An appointed Maine seat on the New England Fisheries Management Council was filled last month. The first choice of ground fishermen, lobstermen, scientists, some council members, DMR commissioner Lapointe, Governor Baldacci, and the broadest based coalition seen in years, was Port Clyde, Maine ground fisherman Gary Libby. But the Department of Commerce instead appointed a paid lobbyist for the herring trawler industry, third of four choices.

Supporters had hoped Libby could represent the small boat fleet, reduce herring trawling in ground fish closed areas, and address trawler bycatch, – all fundamental to saving the imperiled ground fish resource. The appointment of what amounts to an opponent of Libby’s goals caused an explosion of speculation on how he could have been passed over.

Speculation, born of exclusion from the full process, pointed to the deep pockets of the industrial trawler fleet and influence in Washington, DC. One pro-Libby council member said, "I don’t know, I’m in the dark on this like everyone else.”

Well, that, is the problem. The final decision was made in the dark, out of sight and reach of the majority. The appointment process, is not democratic. The result is no balanced representation of stakeholder interests. The public resource is managed as though it were the private preserve of fewer and fewer corporate owners. Owners whose D.C. political power easily trumps the majority’s choices made at the state level.

All participants have a right to work to seat their candidate. The commissioner’s responsibility is to choose candidates who will address the immediate pressing issues. His office was no doubt lobbied vigorously by the trawlerfleet. But by including a candidate known to have the most Washington political clout, the Maine DMR was effectively making the final decision.

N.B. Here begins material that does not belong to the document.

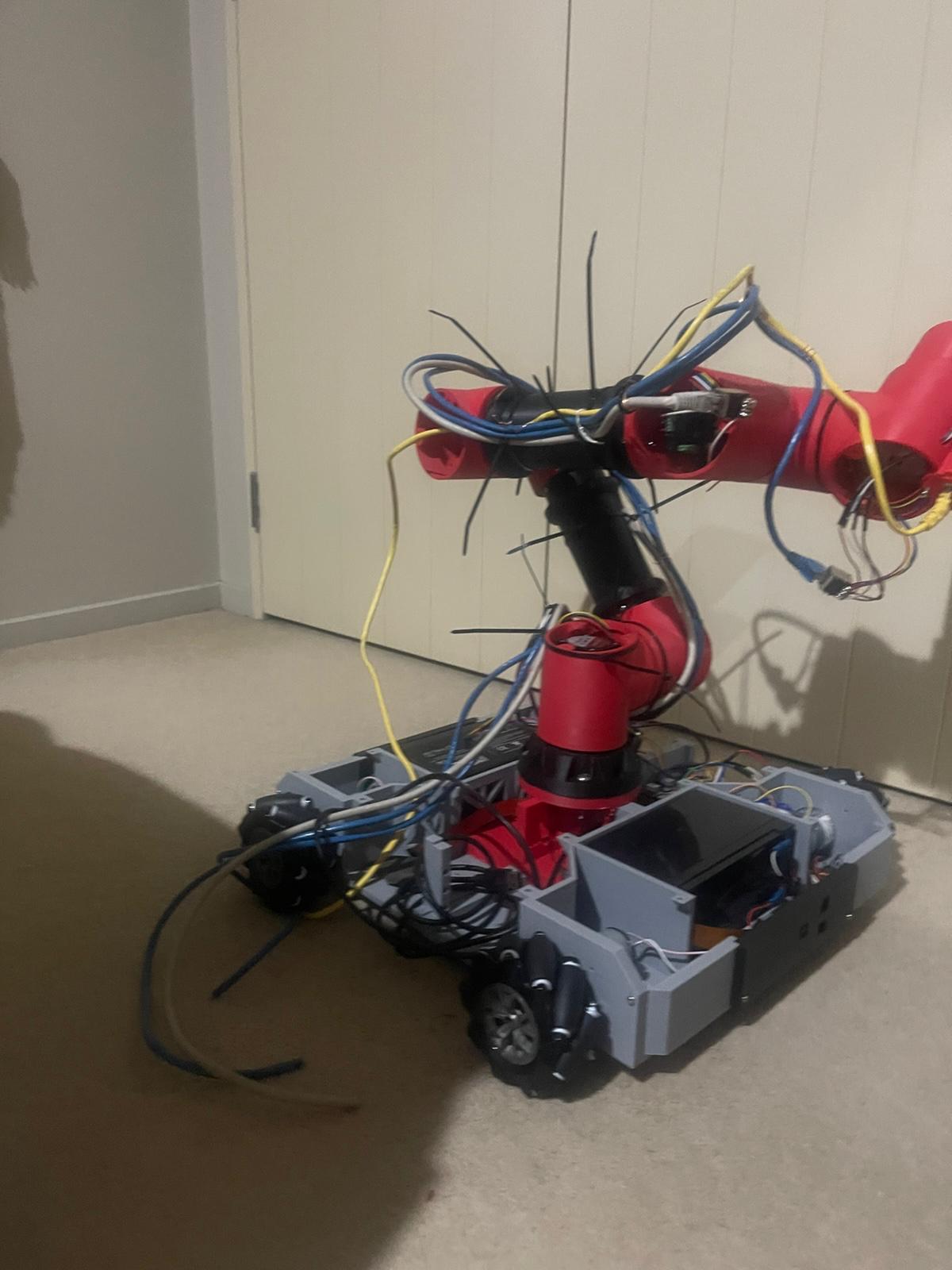 Robotic arm CAD design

Maine fishermen don’t have paid lobbyists. Their strength is in numbers, unity, and coalitions. The commissioner’s power is at state level. Maine fishermen need, and back, strength on the hard decisions here.
The herring trawler fleet concerns are at most modest compared to the desperate situation that New England ground fishermen, and the resource face. Until and unless the hard decisions that must be made are made on ground fish, the resource is doomed.